There’s a lot of overlap between our list and the GAO report--special education preschool grants and grants for infants and families, Race to the Top--Early Learning Challenge, Head Start, and the Child Care and Development Fund, to name the big ones. But we also included many of the PreK-12 programs that are used, in many cases, for young children--especially now that about 60 percent of school districts offer pre-K programs. Those programs include special education state grants, Race to the Top--Assessment, kindergarten entry assessments, Statewide Longitudinal Data Systems, Investing in Innovation, 21st-Century Community Learning Centers, Social Innovation Fund, and Home Visiting, plus the portion of child care spending reapportioned by states from the federal Temporary Assistance for Needy Families program. We adjusted spending for each to account for the birth-to-5 and birth-to-8 portions of the program. Using those figures, we estimated that Congress appropriated a total of $18.0 billion towards programs for children age 5 and under in fiscal year 2012, and $21.8 billion on programs for children ages 0-8.
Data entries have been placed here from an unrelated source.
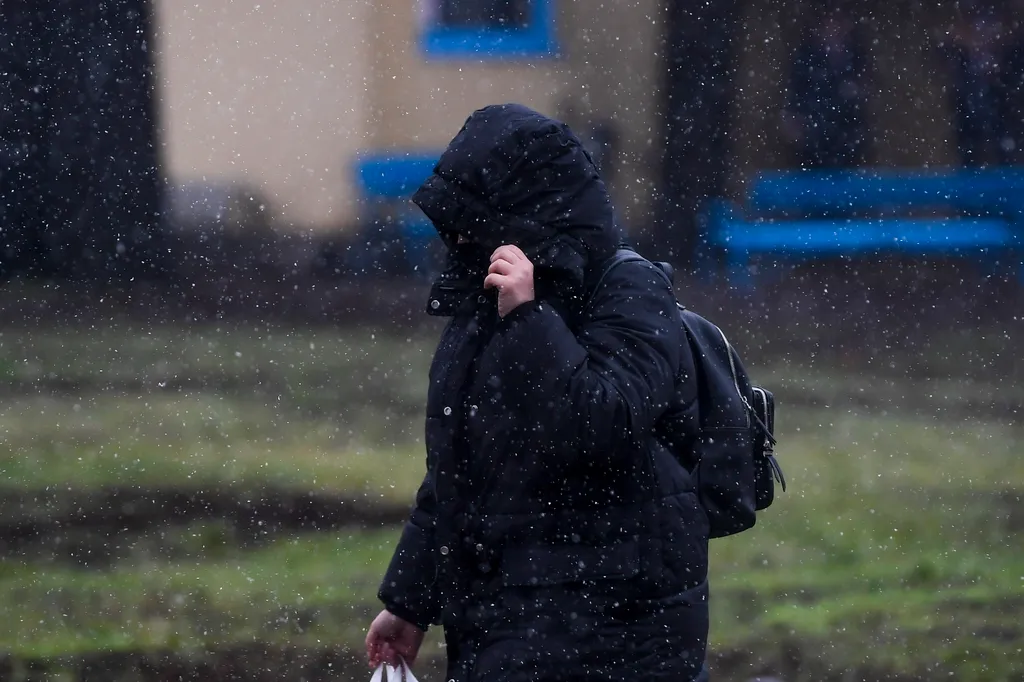 Debrecen, szél, havas eső, hó 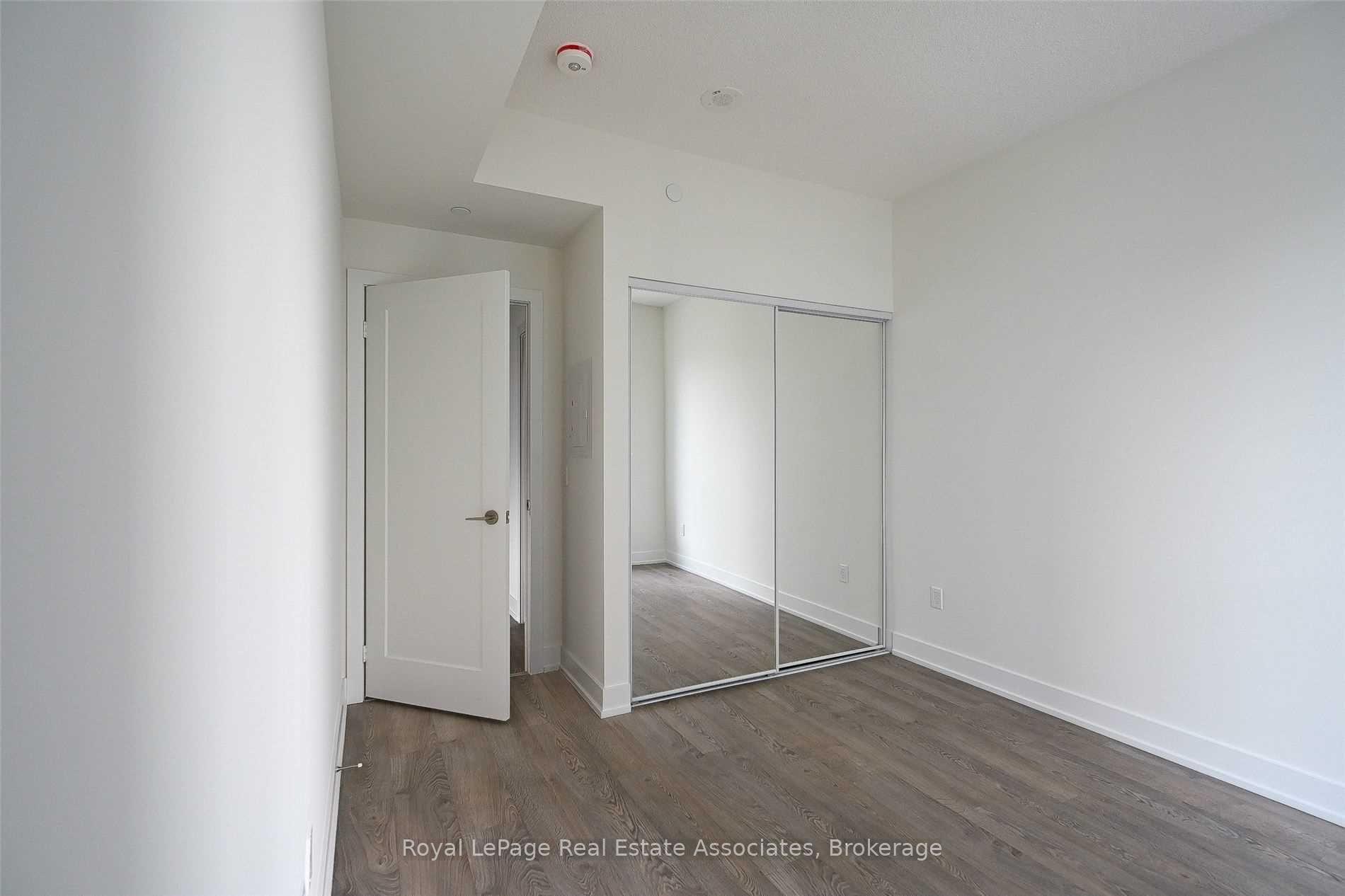 Photo 10 of Unit 922, 9 Mabelle Avenue, Etobicoke, Islington-City Centre West — HOMEH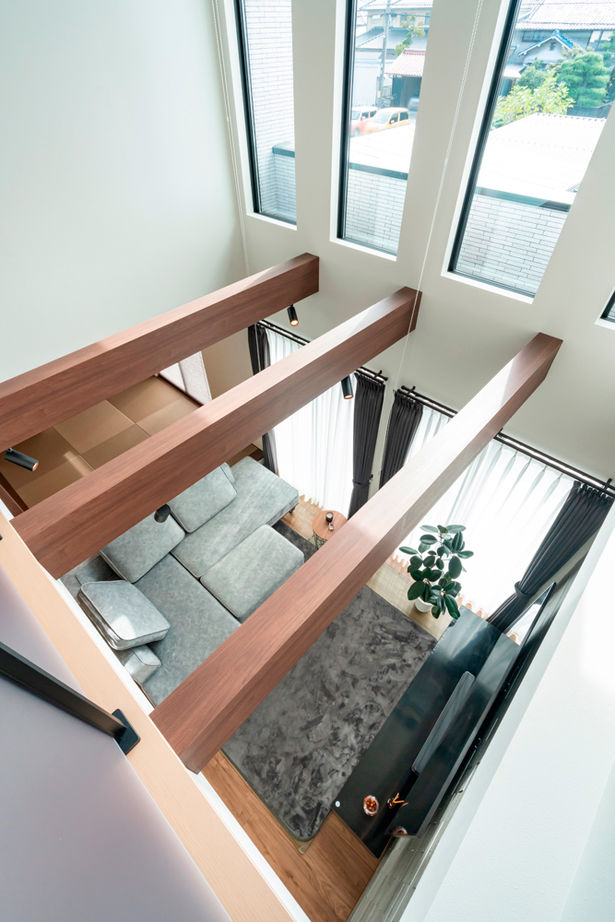 クレバリーホーム/住生活研究所 【吹抜けリビング｜2000万円台｜間取り有】オシャレで家事ラク。ラグジュアリー＆モダンなタイル外壁の家の建築実例画像5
Alexander intends to propose new legislation that would streamline federal early care and education programs, giving states more flexibility in how to spend federal dollars and offering parents more choice. He suggests the Child Care and Development Block Grant reauthorization bill that passed the Senate last month is one example of what would work better. The bill expands some safety and quality requirements for providers who choose to accept the subsidies. (For more on CCDBG, read this post about the recent legislation.)
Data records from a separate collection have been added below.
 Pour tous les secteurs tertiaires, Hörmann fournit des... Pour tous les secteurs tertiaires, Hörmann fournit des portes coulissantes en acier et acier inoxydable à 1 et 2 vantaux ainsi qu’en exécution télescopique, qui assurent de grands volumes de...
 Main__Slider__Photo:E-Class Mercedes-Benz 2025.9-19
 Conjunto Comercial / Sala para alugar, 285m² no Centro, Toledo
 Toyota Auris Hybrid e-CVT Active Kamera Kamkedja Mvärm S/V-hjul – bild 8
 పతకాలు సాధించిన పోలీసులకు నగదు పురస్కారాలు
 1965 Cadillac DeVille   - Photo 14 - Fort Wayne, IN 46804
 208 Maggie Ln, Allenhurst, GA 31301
We agree with Alexander’s basic argument: There are a number of federal programs that have a hand in providing services to children, birth-to-5, and their families. In most cases, these programs are not coordinated in any way and in some cases they may be duplicative. There is definitely room for improvement. But he’s missing an important point: there’s a difference between care and learning. And most of the federal investment right now is in the care of young children, not in their learning and development. It is important for parents to have access to child care, as well as other supports for their families, so they are able to work or get additional education. The Strong Start Act is different. It focuses on learning, as well as on improving low- and moderate-income children’s access to high-quality pre-kindergarten programs.
Giving states strings-free money and leaving it to them to figure out how to meet families early care and education needs won’t work. There’s ample research signaling what works in early education and the federal government has an important role in helping to leverage states’ efforts to provide high-quality opportunities. So while, yes, the federal government should design better connections and stronger coordination among the many programs with which it helps support early childhood, it should also recognize and expand its role in helping states improve access for all families to high-quality early educational opportunities.
Republicans in the House and Senate are also rethinking the federal government’s Head Start program. Last month, Senator Mike Lee (R-UT) introduced the Head Start Improvement Act and earlier this week Congressman Matt Salmon (R-AZ) introduced a companion bill. We’ll have more analysis on this proposed legislation in the coming weeks.